Friday, February 15, 2013

Seen On Twitter

I post and follow on Twitter, but not very often. It started as a way to promote my book, and that score it has been spectacularly unsuccessful. But I haven't deleted my Twitter account because it does add some dimension to the research for my new book.

I keep a search going for the words "balloon fetish." Not so much to find other fetishists (Facebook, it turns out, is much more fruitful for that), but to see what people are saying about balloon fetishes. Mostly, I see very little posting by actual fetishists; what I mostly see is promotional posts by balloon fetish sites, and posts by people who have recently watched either Strange Sex or National Geographic's Taboo.

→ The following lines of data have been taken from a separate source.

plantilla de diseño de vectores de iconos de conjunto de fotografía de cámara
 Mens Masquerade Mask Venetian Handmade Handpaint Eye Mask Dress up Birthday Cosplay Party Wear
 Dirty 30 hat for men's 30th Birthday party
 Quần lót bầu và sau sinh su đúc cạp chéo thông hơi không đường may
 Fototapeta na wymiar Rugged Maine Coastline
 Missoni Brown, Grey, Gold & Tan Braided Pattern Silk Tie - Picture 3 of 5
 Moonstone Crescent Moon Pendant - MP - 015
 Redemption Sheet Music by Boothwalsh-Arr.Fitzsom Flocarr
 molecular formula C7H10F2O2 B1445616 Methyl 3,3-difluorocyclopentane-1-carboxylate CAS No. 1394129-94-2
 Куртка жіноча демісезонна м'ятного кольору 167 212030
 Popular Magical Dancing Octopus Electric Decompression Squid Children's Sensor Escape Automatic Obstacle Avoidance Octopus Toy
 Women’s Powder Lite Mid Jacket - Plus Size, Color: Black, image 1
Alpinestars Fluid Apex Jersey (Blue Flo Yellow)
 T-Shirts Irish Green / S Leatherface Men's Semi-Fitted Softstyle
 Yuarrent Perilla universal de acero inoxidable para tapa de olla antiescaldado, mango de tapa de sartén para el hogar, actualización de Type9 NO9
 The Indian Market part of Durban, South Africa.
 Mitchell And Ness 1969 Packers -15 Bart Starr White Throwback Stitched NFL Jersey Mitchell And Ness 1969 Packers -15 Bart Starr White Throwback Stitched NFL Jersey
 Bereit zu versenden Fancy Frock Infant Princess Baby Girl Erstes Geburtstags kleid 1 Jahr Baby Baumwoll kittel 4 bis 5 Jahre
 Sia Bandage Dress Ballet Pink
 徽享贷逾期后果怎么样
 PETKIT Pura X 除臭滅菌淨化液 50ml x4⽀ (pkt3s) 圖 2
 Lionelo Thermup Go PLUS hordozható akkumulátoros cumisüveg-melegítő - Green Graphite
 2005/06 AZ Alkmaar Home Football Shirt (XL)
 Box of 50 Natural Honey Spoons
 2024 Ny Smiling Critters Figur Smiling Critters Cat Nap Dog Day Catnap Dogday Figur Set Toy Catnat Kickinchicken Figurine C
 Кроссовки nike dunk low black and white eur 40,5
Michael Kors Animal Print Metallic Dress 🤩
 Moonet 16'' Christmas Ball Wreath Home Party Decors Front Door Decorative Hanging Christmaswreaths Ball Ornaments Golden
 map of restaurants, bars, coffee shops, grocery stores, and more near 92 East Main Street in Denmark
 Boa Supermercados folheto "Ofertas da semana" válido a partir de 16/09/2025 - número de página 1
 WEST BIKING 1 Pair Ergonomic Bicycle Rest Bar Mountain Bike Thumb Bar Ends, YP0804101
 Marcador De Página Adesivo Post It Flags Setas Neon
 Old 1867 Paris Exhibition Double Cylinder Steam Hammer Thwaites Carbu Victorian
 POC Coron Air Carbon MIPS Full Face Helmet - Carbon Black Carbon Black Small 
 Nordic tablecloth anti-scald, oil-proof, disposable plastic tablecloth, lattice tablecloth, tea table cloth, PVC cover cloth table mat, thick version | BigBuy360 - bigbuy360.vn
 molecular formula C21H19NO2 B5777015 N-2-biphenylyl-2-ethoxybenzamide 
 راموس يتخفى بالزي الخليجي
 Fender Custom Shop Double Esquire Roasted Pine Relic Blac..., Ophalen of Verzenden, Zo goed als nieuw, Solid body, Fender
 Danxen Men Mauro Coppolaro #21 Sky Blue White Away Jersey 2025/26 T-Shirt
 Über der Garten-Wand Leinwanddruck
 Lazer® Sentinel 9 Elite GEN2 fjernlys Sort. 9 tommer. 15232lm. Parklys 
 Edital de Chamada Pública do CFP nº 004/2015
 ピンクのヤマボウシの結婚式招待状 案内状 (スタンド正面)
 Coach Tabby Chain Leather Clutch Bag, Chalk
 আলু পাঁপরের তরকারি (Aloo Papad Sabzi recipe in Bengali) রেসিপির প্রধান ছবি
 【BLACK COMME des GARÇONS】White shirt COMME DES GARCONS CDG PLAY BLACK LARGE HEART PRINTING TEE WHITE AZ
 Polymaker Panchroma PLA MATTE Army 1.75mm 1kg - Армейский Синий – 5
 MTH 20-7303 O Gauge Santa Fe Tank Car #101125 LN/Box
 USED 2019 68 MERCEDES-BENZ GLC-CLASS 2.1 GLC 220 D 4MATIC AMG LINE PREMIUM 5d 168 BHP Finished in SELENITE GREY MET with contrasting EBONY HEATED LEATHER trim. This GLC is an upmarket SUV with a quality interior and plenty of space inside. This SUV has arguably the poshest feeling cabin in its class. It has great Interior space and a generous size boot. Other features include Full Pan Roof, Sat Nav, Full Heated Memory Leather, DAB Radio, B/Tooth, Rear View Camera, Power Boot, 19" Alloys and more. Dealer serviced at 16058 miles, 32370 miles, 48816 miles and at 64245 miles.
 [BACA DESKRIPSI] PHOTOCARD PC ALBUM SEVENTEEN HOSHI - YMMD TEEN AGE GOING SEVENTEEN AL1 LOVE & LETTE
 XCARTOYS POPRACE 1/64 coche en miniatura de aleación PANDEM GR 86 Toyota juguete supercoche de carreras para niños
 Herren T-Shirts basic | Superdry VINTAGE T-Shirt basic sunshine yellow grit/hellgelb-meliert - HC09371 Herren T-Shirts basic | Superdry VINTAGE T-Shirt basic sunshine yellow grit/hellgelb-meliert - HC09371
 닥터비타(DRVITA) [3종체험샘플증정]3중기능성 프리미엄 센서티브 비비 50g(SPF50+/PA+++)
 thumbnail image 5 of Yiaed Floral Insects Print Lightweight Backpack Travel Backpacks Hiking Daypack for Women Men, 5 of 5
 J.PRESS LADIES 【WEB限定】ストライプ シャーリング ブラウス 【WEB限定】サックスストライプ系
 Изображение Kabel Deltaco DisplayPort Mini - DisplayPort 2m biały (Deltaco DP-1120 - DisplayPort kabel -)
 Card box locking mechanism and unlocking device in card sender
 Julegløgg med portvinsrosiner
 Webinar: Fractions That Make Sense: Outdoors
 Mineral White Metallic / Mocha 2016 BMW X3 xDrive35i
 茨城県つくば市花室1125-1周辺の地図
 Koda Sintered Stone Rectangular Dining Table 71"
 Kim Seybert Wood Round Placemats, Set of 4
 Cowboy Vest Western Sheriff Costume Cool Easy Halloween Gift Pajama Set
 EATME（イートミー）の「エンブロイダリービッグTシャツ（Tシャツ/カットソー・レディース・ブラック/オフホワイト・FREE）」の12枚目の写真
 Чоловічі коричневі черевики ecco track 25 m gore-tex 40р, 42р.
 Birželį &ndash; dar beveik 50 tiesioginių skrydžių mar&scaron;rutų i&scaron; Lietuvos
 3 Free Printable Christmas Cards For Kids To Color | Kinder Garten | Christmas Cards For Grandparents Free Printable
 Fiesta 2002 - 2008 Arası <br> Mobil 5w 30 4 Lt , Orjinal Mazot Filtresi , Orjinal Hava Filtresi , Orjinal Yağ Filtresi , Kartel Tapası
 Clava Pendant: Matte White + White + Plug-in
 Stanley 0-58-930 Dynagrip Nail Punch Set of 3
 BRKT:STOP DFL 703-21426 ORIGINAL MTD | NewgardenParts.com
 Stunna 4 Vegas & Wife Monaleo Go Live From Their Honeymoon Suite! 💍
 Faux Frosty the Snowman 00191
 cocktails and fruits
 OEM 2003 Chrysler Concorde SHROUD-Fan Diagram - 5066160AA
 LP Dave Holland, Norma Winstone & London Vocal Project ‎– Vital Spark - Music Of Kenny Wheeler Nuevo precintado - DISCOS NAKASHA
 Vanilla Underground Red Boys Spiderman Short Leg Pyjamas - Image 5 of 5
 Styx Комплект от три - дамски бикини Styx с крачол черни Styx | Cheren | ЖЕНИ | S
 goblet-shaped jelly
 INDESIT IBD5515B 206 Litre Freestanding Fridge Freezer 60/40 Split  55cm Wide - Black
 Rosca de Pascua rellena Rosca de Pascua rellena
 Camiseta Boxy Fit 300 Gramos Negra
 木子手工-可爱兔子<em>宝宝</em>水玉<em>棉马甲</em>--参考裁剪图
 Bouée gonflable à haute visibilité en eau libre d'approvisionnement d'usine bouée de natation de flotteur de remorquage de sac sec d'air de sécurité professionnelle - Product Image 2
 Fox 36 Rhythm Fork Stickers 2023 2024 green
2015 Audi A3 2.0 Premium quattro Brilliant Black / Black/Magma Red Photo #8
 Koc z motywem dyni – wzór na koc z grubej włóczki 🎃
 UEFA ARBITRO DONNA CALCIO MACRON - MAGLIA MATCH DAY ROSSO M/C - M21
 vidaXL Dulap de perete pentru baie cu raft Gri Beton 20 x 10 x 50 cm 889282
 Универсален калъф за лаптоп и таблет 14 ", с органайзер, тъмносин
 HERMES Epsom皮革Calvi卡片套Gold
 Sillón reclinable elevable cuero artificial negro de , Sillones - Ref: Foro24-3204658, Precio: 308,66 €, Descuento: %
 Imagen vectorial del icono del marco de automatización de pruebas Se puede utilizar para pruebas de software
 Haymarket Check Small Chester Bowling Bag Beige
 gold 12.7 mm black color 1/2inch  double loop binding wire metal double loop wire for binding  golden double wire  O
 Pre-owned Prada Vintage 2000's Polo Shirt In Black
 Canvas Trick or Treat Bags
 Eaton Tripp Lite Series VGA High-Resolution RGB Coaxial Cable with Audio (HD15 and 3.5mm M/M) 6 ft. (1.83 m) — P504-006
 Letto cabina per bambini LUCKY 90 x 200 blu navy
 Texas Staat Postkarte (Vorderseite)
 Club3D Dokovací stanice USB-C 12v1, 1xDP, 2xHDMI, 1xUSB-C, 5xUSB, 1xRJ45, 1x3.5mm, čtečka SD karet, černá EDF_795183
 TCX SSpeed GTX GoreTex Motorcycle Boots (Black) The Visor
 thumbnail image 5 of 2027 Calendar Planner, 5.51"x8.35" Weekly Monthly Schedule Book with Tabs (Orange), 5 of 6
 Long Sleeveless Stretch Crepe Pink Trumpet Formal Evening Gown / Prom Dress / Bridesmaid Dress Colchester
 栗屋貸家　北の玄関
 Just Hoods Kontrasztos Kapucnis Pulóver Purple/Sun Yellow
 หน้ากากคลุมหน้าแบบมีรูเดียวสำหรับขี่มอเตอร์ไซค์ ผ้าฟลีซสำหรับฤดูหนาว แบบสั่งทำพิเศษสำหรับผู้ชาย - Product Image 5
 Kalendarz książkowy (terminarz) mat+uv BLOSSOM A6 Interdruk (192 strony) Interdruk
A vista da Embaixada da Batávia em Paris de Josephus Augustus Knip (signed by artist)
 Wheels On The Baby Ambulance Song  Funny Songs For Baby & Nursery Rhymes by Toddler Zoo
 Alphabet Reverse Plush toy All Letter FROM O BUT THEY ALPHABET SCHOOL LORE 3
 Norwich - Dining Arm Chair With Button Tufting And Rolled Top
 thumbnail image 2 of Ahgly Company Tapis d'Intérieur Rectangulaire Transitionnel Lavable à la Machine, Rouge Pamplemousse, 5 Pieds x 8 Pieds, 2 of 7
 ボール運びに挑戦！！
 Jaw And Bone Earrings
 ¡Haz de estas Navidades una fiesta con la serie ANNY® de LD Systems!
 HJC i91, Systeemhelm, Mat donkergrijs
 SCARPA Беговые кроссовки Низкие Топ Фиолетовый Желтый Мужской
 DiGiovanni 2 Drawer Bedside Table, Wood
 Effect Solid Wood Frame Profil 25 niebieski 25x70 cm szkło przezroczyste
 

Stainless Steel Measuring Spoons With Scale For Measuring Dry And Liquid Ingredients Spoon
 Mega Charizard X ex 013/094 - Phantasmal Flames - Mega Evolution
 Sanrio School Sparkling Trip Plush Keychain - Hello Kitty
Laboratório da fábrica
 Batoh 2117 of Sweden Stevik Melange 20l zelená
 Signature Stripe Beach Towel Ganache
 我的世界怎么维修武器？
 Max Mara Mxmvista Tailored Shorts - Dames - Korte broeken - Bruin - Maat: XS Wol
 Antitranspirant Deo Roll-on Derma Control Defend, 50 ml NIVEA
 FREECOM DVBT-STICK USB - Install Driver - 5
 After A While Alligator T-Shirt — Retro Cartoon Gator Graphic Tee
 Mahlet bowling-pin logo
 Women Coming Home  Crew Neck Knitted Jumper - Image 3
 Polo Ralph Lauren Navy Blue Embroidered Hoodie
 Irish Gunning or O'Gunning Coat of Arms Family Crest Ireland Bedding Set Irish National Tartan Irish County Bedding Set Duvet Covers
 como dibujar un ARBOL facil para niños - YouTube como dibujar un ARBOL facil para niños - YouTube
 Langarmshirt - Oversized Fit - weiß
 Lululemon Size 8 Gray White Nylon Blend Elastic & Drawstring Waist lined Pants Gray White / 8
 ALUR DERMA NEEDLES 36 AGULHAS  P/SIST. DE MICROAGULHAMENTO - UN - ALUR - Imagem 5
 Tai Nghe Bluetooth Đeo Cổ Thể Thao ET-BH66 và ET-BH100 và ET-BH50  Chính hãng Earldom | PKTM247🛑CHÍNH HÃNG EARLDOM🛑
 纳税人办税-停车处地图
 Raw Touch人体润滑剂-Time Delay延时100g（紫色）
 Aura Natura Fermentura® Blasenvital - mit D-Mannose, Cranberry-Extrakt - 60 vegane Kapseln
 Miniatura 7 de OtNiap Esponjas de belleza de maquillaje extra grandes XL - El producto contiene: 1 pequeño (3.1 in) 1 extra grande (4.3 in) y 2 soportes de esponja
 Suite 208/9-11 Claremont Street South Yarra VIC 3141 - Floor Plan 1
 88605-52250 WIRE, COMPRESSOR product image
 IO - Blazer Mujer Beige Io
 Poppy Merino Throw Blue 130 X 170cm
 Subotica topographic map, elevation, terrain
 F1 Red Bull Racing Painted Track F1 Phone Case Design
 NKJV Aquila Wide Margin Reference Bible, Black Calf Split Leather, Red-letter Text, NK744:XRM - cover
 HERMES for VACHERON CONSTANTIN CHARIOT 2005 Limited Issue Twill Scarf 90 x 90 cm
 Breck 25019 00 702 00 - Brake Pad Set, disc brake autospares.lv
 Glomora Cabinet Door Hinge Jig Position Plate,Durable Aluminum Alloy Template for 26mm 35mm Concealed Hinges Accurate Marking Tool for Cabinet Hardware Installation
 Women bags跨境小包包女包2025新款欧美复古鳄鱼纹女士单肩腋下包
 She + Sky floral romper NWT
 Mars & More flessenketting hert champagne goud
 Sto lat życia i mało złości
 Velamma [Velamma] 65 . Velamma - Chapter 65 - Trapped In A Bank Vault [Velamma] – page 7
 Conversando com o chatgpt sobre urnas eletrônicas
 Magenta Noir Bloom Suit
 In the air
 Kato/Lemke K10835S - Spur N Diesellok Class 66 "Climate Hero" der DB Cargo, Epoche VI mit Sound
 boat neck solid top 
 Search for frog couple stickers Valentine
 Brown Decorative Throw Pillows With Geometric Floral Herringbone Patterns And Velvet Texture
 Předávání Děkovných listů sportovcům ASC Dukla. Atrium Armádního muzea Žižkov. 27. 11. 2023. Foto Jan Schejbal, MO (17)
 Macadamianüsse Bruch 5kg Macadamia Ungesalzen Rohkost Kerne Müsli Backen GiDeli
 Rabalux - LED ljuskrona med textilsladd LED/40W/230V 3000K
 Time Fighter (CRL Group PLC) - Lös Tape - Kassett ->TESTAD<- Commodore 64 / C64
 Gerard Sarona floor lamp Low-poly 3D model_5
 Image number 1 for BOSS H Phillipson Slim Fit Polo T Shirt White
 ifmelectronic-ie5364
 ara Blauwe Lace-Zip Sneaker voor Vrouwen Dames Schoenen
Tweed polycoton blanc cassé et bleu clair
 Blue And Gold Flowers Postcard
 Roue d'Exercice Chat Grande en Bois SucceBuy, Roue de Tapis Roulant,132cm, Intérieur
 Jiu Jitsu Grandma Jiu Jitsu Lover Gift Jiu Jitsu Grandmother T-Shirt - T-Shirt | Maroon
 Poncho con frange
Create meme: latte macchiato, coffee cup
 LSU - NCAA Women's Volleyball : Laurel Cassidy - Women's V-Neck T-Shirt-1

And the reactions are usually not positive. Now, as an indicator of how the general public feels watching a segment about balloon fetishism (albeit a narrow and misleading one, in both cases), tweets are probably not very helpful. When you consider who tweets, and what they normally tweet about, you might expect to get more "I just saw something really weird" posts than "I just saw this and found it very interesting" or "I was watching this and I really didn't have much of a reaction to it" posts.

Still, it's disturbing to see so many posters responding to these documentaries with LOLs and WTFs. And for a while I tried to set them straight, sending a link to my short, but more reasoned page on the subject on my book's site. But I realized that it was just a knee-jerk reaction on my part. No one who does posts like that is going to change his or her mind because a real fetishist tweets something to them. Maybe if one of their own friends came out to them as a fetishist. Or maybe not.

It makes people feel secure and more powerful socially to reject something that hints at "otherness." Especially young adults, from whom most of these posts seem to come. We just have to accept the fact that our sexual oddities cause discomfort to most of those who don't share them.

Of course, I'm sure that any of my gay and lesbian friends could have told me that.

Friday, February 8, 2013

Taking Over

I have been asked by my long-time correspondent Triple Outcast to take over Globophilia, as he is deleting his Google account and didn't want to see the URL go to waste. I will need to sort out for myself which of my writings should be in my author's blog, and which should be in this one, and I hope that I won't be neglectful as I take this over.

Thanks to T.O. for handing this over to me. I hope he made the right decision.

Monday, January 14, 2013

Getting Organized

Although I've already written a lot of words for the new book (which I need to get a working title for soon so I stop referring to it as "the new book"), I'm a long way from actually writing anything I would call a completed book. There is so much research to do, so many people to contact, so much thinking about the format of the book, and how I'm going to correlate everything that I find out so that it all works together without denigrating into dry statistics or trite (and wholly inaccurate) classifications.

And so the organization is not just of the kind where I make sure my files are all in the right places and that my GMail folders are set up just so. It's the mental organization of the concepts.

I've decided on a format for the book. And yet I'm fairly sure that by the time I've written the first draft, I will have discovered that the format I thought was just right is, in fact, totally inappropriate for the job.

But that's the way of writing, when it's working as it should. Not just words on paper, but a voyage of discovery. And when we all get there, I think that I will be as surprised as you to see what the final product looks like.